◆ Task instructions ◆
Restate exactly, please, each line of the listing from the one with "The Raincliffe Hotel" to the last, including both.

◆ Recorded data ◆
━━━━━━━━━━
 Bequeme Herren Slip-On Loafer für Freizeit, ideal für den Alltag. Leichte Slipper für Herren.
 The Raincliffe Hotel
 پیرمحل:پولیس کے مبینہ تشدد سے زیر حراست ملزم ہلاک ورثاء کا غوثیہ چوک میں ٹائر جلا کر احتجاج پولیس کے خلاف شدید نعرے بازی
━━━━━━━━━━
◆ The answer ◆
 The Raincliffe Hotel
 پیرمحل:پولیس کے مبینہ تشدد سے زیر حراست ملزم ہلاک ورثاء کا غوثیہ چوک میں ٹائر جلا کر احتجاج پولیس کے خلاف شدید نعرے بازی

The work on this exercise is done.